**** Working data ****

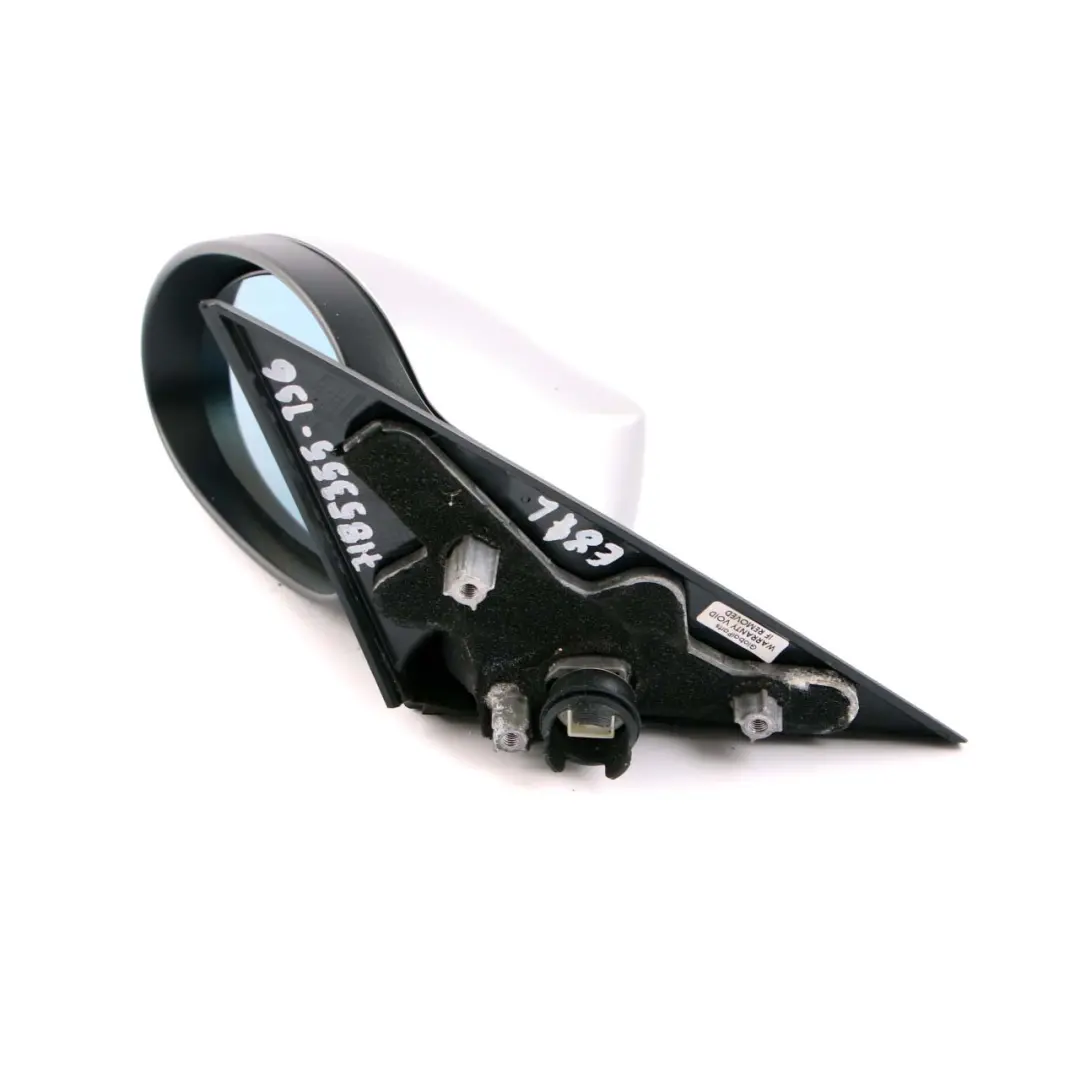 Left Heated Wing Mirror N/S Titanium Silver Metallic to BMW 1 Series 6 E81 E82 E88 with Part number 7185355 BMW 1 Series 6 E81 E82 E88 Left Heated Wing Mirror N/S Titanium Silver Metallic - SKU rhd-7185355-TS6 - Part number 7185355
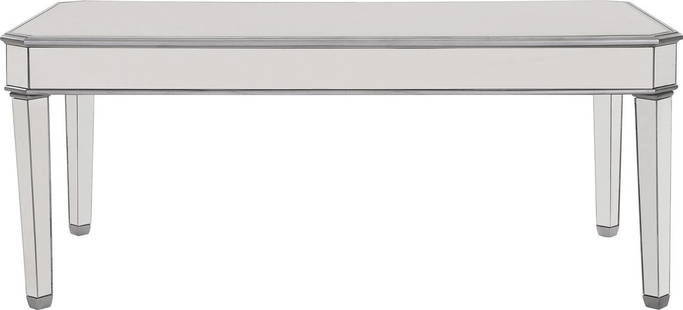 Elegant Lighting Hand-Rubbed Clear Silver Dining Table 30H x 60W x 32D: Elegant Lighting Hand-Rubbed Clear Silver Dining Table 30H x 60W x 32D Elevate your dining experience with this stunning Hand-Rubbed Reflective Dining Table, designed in a contemporary style. Crafted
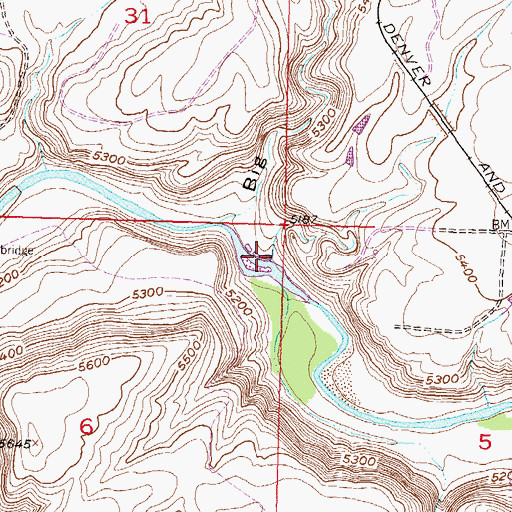 Topographic Map of Allen Gulch, CO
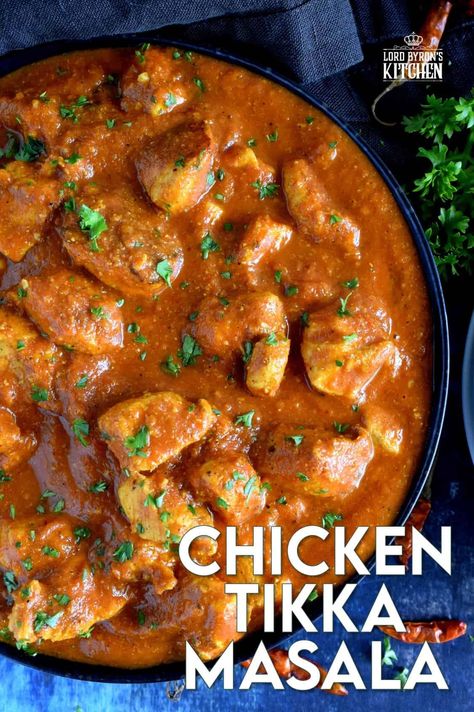 Tender chicken breast pieces, marinated in yogurt and spices, and simmered in a thick, luscious curry sauce. Why go out for Indian food when you can make Chicken Tikka Masala at home? Going out is so last year, anyway! #chicken #tikkamasala #indianchicken #indianathome #marinade #indianfood #indianrecipes Chicken Tiki Masala, Pressure Cooker Curry, Chicken Breast Pieces, Tikki Masala, Best Lentil Soup Recipe, Quick Chicken Dinner, Chicken Tikka Masala Recipes, Yogurt Chicken, Marinating Chicken Breast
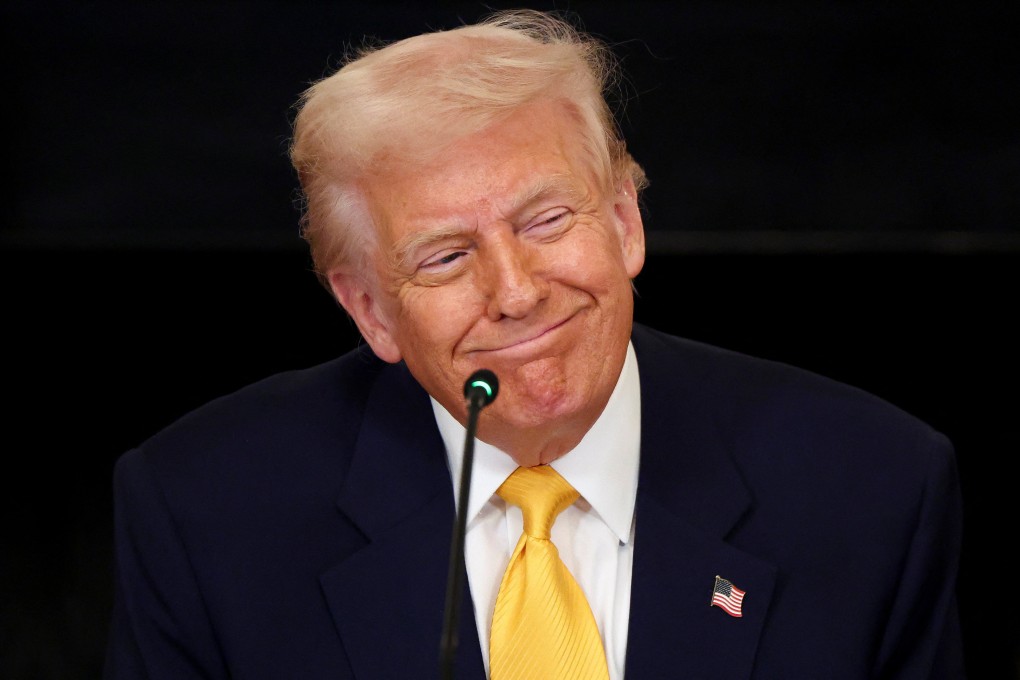 Donald Trump attends the “White House Crypto Summit” in Washington.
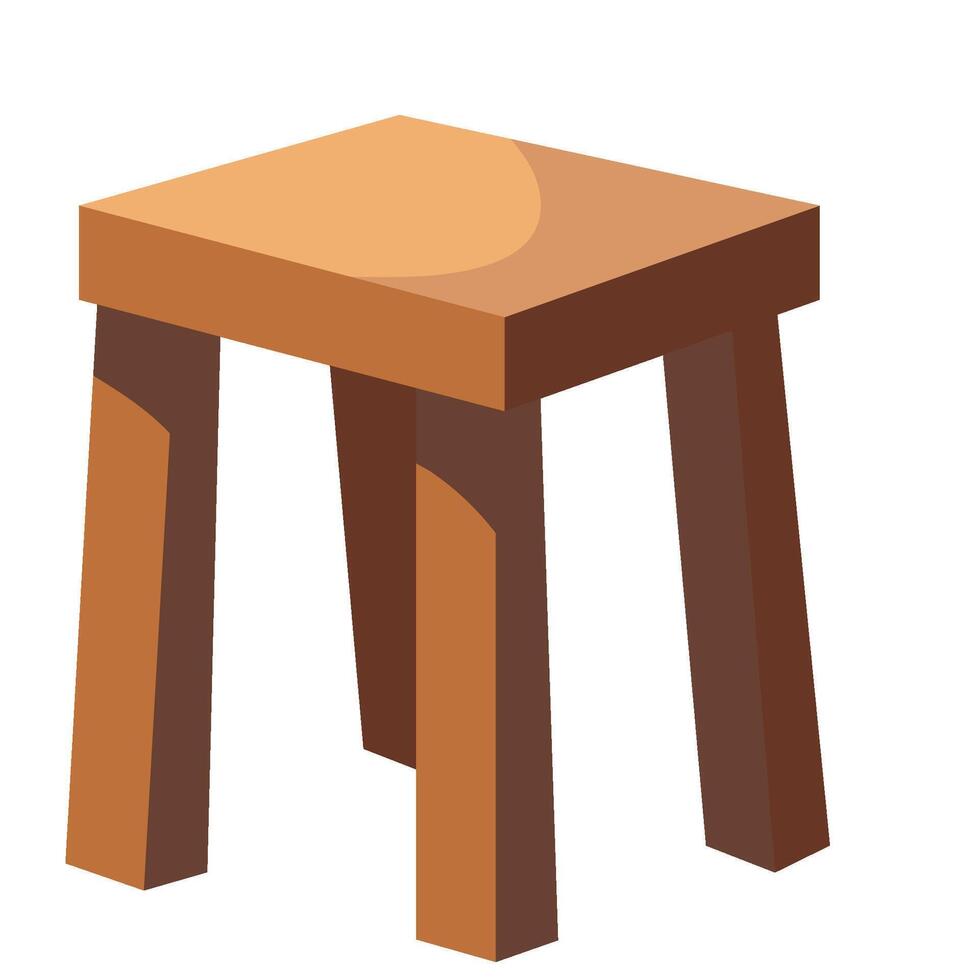 Wooden chair classic design on white vector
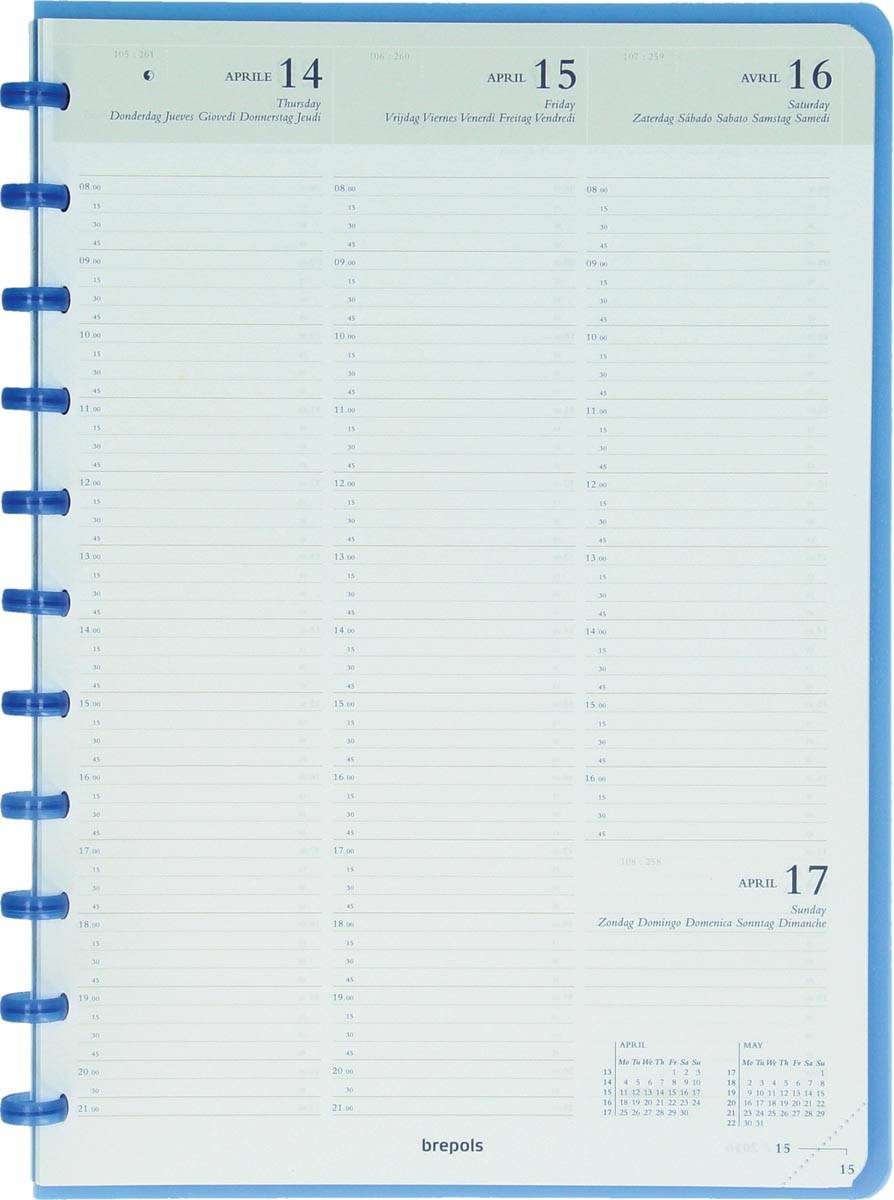 Atoma agenda, ft A4, wit papier, 128 pagina's, 1 week op 2 pagina's, 2026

****

● **The task**
If the material above contains pictures, exclude them from an otherwise exact transcription.

● **Task result**
 Left Heated Wing Mirror N/S Titanium Silver Metallic to BMW 1 Series 6 E81 E82 E88 with Part number 7185355 BMW 1 Series 6 E81 E82 E88 Left Heated Wing Mirror N/S Titanium Silver Metallic - SKU rhd-7185355-TS6 - Part number 7185355
 Elegant Lighting Hand-Rubbed Clear Silver Dining Table 30H x 60W x 32D: Elegant Lighting Hand-Rubbed Clear Silver Dining Table 30H x 60W x 32D Elevate your dining experience with this stunning Hand-Rubbed Reflective Dining Table, designed in a contemporary style. Crafted
 Topographic Map of Allen Gulch, CO
 Tender chicken breast pieces, marinated in yogurt and spices, and simmered in a thick, luscious curry sauce. Why go out for Indian food when you can make Chicken Tikka Masala at home? Going out is so last year, anyway! #chicken #tikkamasala #indianchicken #indianathome #marinade #indianfood #indianrecipes Chicken Tiki Masala, Pressure Cooker Curry, Chicken Breast Pieces, Tikki Masala, Best Lentil Soup Recipe, Quick Chicken Dinner, Chicken Tikka Masala Recipes, Yogurt Chicken, Marinating Chicken Breast
 Donald Trump attends the “White House Crypto Summit” in Washington.
 Wooden chair classic design on white vector
 Atoma agenda, ft A4, wit papier, 128 pagina's, 1 week op 2 pagina's, 2026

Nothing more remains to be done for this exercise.